243. Backchannel Message From the Presidentʼs Assistant for National Security Affairs (Kissinger) to the Ambassador to Pakistan (Farland)1

Please deliver as soon as possible to President Yahya the following message from President Nixon.

“Mr. President,

Thank you for your December 7 message2 which underlines the grave situation which your nation faces. I want you to know that you have the understanding and support of the United States at this critical hour. We will continue our strong efforts to bring peace to the subcontinent, effect the withdrawal of Indian forces from your country, restore the territorial integrity of Pakistan, and see to it that political, not military, solutions are found for regional problems.

I would like to supplement the full reports I know you have been getting from Ambassador Raza in Washington and Ambassador Farland by reviewing the various steps my government has been taking to work toward our mutual objectives.

The United States has made a series of strong démarches to India in New Delhi and in Washington, including my recent meetings with Prime Minister Gandhi, which made clear that the American people and government would not understand a resort to war. Since India began its incursions, we have taken the actions that we warned the Indian government would occur.
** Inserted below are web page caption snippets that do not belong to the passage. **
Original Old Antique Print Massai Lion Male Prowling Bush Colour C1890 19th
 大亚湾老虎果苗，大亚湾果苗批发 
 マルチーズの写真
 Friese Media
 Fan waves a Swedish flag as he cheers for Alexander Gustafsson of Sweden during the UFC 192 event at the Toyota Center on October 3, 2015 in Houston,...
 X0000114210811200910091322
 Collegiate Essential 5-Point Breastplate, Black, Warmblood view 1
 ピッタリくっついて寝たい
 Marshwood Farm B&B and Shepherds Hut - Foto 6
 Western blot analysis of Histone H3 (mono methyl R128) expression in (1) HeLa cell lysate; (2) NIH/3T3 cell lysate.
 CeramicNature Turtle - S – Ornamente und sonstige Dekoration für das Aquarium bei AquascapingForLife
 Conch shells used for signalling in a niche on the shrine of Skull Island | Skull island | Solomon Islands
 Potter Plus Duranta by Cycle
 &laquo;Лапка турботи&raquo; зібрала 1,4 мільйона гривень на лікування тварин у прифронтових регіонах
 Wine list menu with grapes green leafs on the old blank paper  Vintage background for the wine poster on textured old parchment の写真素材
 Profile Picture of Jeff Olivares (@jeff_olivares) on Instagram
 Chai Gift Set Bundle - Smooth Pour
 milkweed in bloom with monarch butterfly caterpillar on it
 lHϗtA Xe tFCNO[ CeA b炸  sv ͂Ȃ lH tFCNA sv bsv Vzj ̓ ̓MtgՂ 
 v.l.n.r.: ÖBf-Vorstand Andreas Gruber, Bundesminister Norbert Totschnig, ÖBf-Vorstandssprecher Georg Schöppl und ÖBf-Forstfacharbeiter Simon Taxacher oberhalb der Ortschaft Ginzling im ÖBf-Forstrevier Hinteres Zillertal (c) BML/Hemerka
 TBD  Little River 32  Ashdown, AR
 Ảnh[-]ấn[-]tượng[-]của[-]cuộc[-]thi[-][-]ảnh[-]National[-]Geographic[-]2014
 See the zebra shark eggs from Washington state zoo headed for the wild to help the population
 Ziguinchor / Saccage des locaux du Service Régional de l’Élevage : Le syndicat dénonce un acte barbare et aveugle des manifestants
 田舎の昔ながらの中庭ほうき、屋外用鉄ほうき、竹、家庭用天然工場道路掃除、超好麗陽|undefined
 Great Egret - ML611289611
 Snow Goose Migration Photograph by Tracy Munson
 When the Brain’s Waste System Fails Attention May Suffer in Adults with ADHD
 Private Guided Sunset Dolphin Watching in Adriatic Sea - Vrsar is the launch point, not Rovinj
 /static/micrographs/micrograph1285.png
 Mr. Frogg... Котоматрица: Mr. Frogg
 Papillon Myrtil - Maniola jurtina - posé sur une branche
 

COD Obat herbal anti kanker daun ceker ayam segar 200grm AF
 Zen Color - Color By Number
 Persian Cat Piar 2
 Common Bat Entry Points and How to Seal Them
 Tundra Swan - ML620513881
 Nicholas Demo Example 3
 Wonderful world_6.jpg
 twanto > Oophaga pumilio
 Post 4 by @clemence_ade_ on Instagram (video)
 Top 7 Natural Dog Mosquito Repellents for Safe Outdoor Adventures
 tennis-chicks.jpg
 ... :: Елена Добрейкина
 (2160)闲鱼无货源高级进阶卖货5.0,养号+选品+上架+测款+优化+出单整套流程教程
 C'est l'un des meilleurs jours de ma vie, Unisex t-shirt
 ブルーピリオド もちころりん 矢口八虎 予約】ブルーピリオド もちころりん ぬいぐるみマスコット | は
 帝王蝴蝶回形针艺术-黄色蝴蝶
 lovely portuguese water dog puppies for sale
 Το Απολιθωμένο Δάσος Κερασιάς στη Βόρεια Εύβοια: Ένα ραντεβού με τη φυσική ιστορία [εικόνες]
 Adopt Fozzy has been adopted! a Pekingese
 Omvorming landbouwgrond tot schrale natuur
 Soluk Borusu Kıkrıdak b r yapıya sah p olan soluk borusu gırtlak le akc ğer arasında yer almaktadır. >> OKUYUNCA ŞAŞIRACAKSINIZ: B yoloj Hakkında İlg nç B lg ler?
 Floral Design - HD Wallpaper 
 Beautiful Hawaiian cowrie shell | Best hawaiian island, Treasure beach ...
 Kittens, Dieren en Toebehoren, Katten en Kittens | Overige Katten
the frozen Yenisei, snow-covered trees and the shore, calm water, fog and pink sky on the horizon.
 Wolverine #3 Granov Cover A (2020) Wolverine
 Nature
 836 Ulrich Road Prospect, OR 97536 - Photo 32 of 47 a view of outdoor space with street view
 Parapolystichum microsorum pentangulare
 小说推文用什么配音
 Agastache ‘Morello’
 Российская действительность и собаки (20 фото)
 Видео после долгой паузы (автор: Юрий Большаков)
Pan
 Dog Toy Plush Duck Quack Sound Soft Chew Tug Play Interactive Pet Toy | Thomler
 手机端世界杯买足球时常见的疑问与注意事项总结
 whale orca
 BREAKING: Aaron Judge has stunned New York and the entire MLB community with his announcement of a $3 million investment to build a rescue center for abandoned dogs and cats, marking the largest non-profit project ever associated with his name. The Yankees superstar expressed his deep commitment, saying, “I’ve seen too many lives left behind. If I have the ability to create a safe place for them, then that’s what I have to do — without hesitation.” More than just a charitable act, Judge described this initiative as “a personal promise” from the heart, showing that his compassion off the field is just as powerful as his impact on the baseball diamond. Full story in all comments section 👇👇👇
Thus on December 1 and 3 we cut off all arms shipments to India. Since late November we have used administrative techniques to delay economic assistance to New Delhi. On December 6 we suspended certain categories of economic assistance to India totaling $87.6 million. We are now reviewing all our remaining economic assistance programs for India.

Since the outbreak of full hostilities, the White House and the State Department have issued a series of statements deploring Indian actions and fixing major responsibility on New Delhi for the present crisis. Today Dr. Kissinger is holding a background session with the press at which he will make clear our concerns and policies in South Asia and will point out the dangerous implications of Indian and Soviet actions.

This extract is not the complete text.